> _WORK REQUEST_
A faithful copy of the data, pictures omitted, is the required answer.

> _DATA PROVIDED_

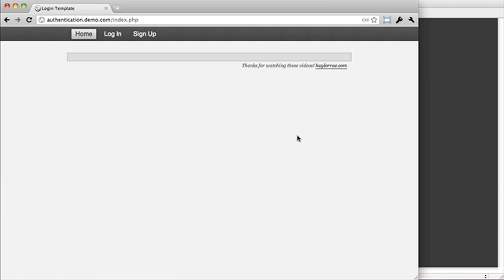Hey everyone, this is Baylor, and in this video, we're actually going to set it up so the user can sign up so that the site will become more realistic for authentication and user management and stuff like that.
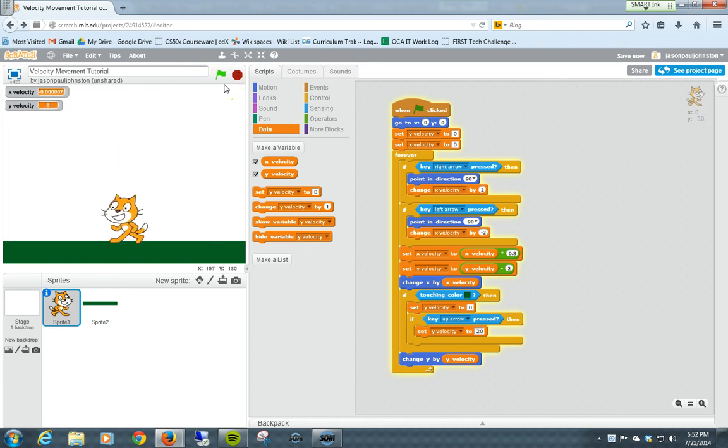Check out some of my other examples. I'll put this one as well in my profile so you can check it out. Please message me if you have any questions and enjoy coding with Scratch.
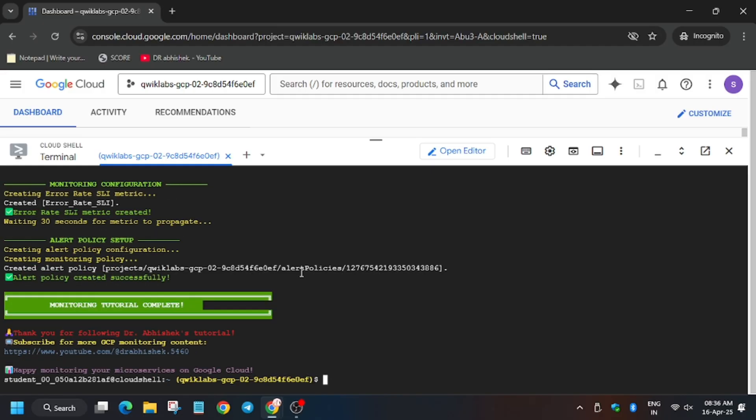Wait for this command to execute. Once it's done, we will be done with the lab. So finally, as you can see, after waiting for four to five minutes it's done. Now we will move forward to the lab instruction.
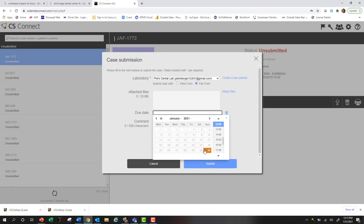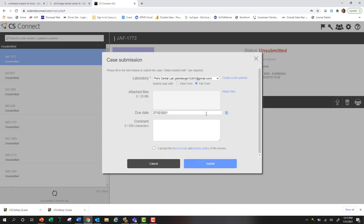You can select your due date if you need to, and any comments regarding your prescription, then select accept and hit submit.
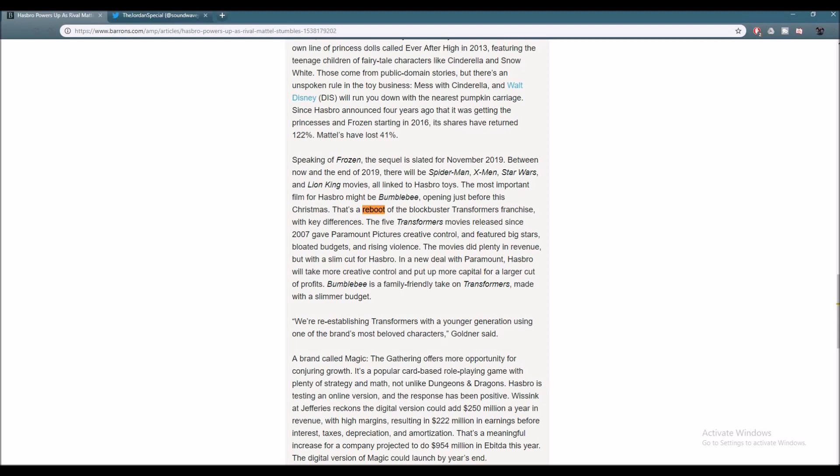This movie has a lot more positive feedback and a lot more people are actually looking forward to this movie instead of the other franchise. And this just shows you that despite everything that happened within the previous franchise, people still want the core fundamentals of what makes Transformers Transformers. That G1 family-friendly, live-action, action-packed series.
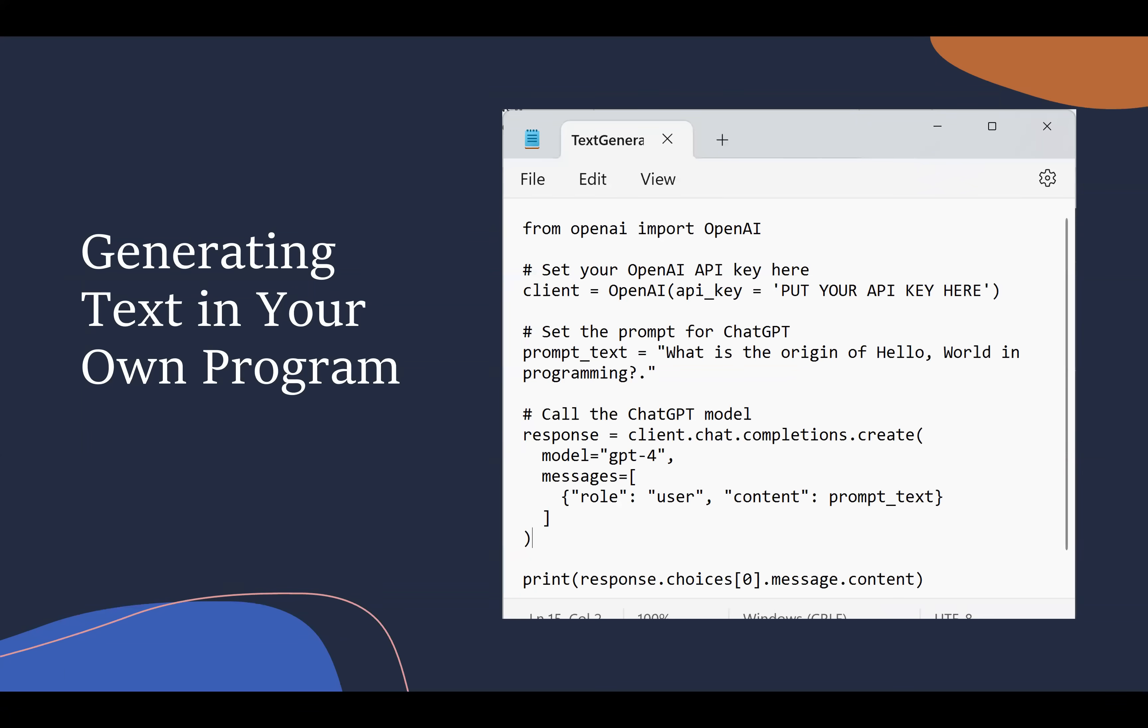You can think of Hello World as being the first application that developers often create when they start using a new programming language. We're going to start with OpenAI, and we've got some Python code here. We're going to do a Hello World application that prompts ChatGPT via our program, interacts with it, and asks what's the origin of Hello World in programming. We call the API, get the response and print it. In 10 lines of code, we will have interacted with OpenAI, integrated AI into our own applications. First thing we need to just pip OpenAI so you've got it available on your system.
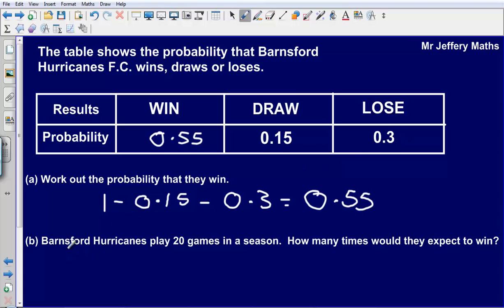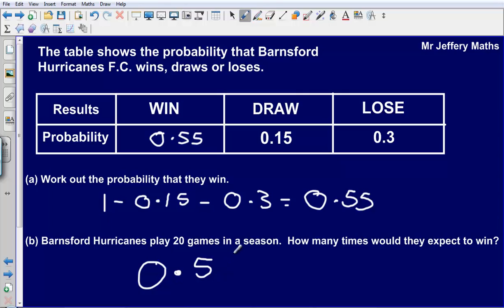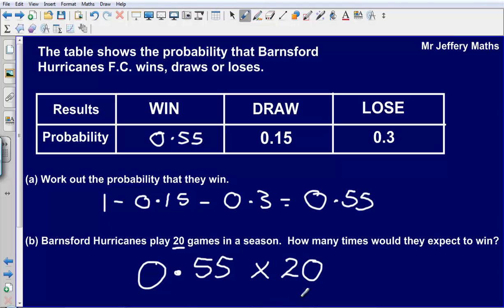Question B says Barnsford Hurricanes play 20 games in a season — how many times would they expect to win? When we are asked about expectation, all we need to do is take the probability of the event, so in this case the probability of winning which is 0.55, and multiply it by how many times the event is taking place. We are playing 20 games, so it is going to be 0.55 multiplied by 20.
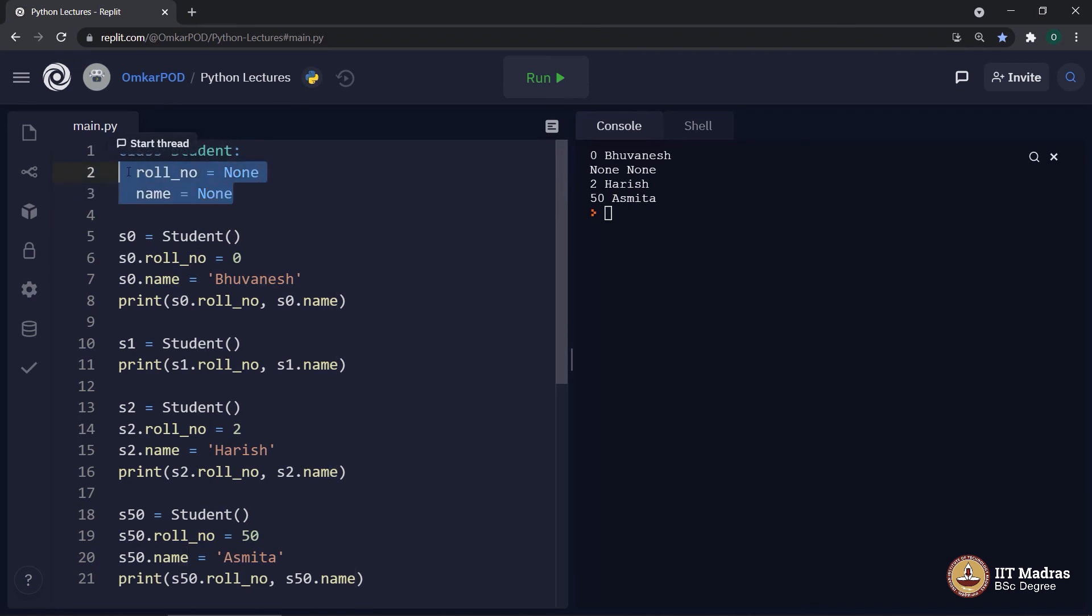We have not discussed about that second part, which is behavior, which is nothing but functions. So, remember this code. In our next lecture, we will try to modify this code in order to accommodate behavior along with these attributes. Thank you for watching this lecture. Happy learning.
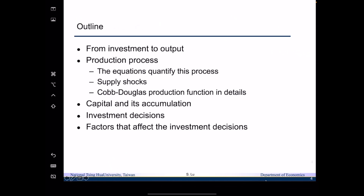The outline for today's lecture is as follows. We will talk about the procedure from investment to output, which includes the production process. We will discuss the equation that quantifies this process, including the AK model and the Cobb-Douglas production function. Then we will talk about productivity, supply shocks, capital accumulation, and investment decisions.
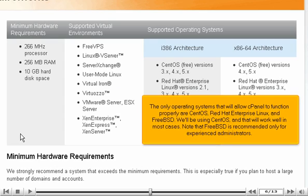The only operating systems that will allow cPanel to function properly are CentOS, Red Hat Enterprise Linux, and FreeBSD. We'll be using CentOS, and that will work well in most cases. Note that FreeBSD is recommended only for experienced administrators.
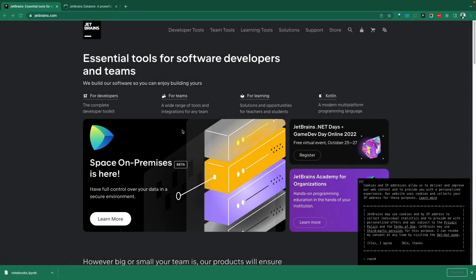Greetings everyone, Fro here. Welcome to the Demo Hub. In today's demo, we're going to take a look at DataLore. DataLore is a tool from JetBrains.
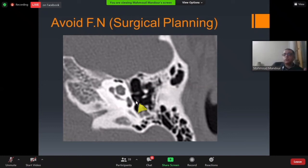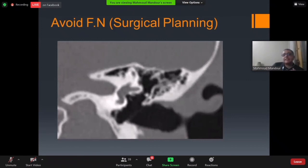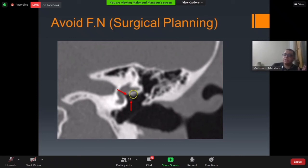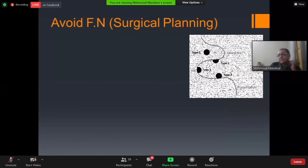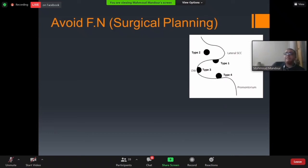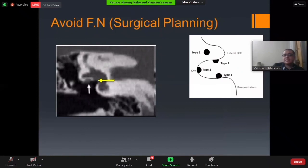Another critical point for stapedotomy is the position of the tympanic segment of the facial nerve in relation to the stapes footplate — evaluated on coronal CT. In the normal position, the tympanic segment is superior to the footplate. A classification divides this relationship into four types: Type 1 — tympanic segment just above the footplate (normal); Type 2 — facial nerve more superior, very favorable for surgery.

> _OUTPUT OF THE EXERCISE_
Hey everyone, this is Baylor, and in this video, we're actually going to set it up so the user can sign up so that the site will become more realistic for authentication and user management and stuff like that.
Check out some of my other examples. I'll put this one as well in my profile so you can check it out. Please message me if you have any questions and enjoy coding with Scratch.
Wait for this command to execute. Once it's done, we will be done with the lab. So finally, as you can see, after waiting for four to five minutes it's done. Now we will move forward to the lab instruction.
You can select your due date if you need to, and any comments regarding your prescription, then select accept and hit submit.
This movie has a lot more positive feedback and a lot more people are actually looking forward to this movie instead of the other franchise. And this just shows you that despite everything that happened within the previous franchise, people still want the core fundamentals of what makes Transformers Transformers. That G1 family-friendly, live-action, action-packed series.
You can think of Hello World as being the first application that developers often create when they start using a new programming language. We're going to start with OpenAI, and we've got some Python code here. We're going to do a Hello World application that prompts ChatGPT via our program, interacts with it, and asks what's the origin of Hello World in programming. We call the API, get the response and print it. In 10 lines of code, we will have interacted with OpenAI, integrated AI into our own applications. First thing we need to just pip OpenAI so you've got it available on your system.
Question B says Barnsford Hurricanes play 20 games in a season — how many times would they expect to win? When we are asked about expectation, all we need to do is take the probability of the event, so in this case the probability of winning which is 0.55, and multiply it by how many times the event is taking place. We are playing 20 games, so it is going to be 0.55 multiplied by 20.
We have not discussed about that second part, which is behavior, which is nothing but functions. So, remember this code. In our next lecture, we will try to modify this code in order to accommodate behavior along with these attributes. Thank you for watching this lecture. Happy learning.
The outline for today's lecture is as follows. We will talk about the procedure from investment to output, which includes the production process. We will discuss the equation that quantifies this process, including the AK model and the Cobb-Douglas production function. Then we will talk about productivity, supply shocks, capital accumulation, and investment decisions.
The only operating systems that will allow cPanel to function properly are CentOS, Red Hat Enterprise Linux, and FreeBSD. We'll be using CentOS, and that will work well in most cases. Note that FreeBSD is recommended only for experienced administrators.
Greetings everyone, Fro here. Welcome to the Demo Hub. In today's demo, we're going to take a look at DataLore. DataLore is a tool from JetBrains.
Another critical point for stapedotomy is the position of the tympanic segment of the facial nerve in relation to the stapes footplate — evaluated on coronal CT. In the normal position, the tympanic segment is superior to the footplate. A classification divides this relationship into four types: Type 1 — tympanic segment just above the footplate (normal); Type 2 — facial nerve more superior, very favorable for surgery.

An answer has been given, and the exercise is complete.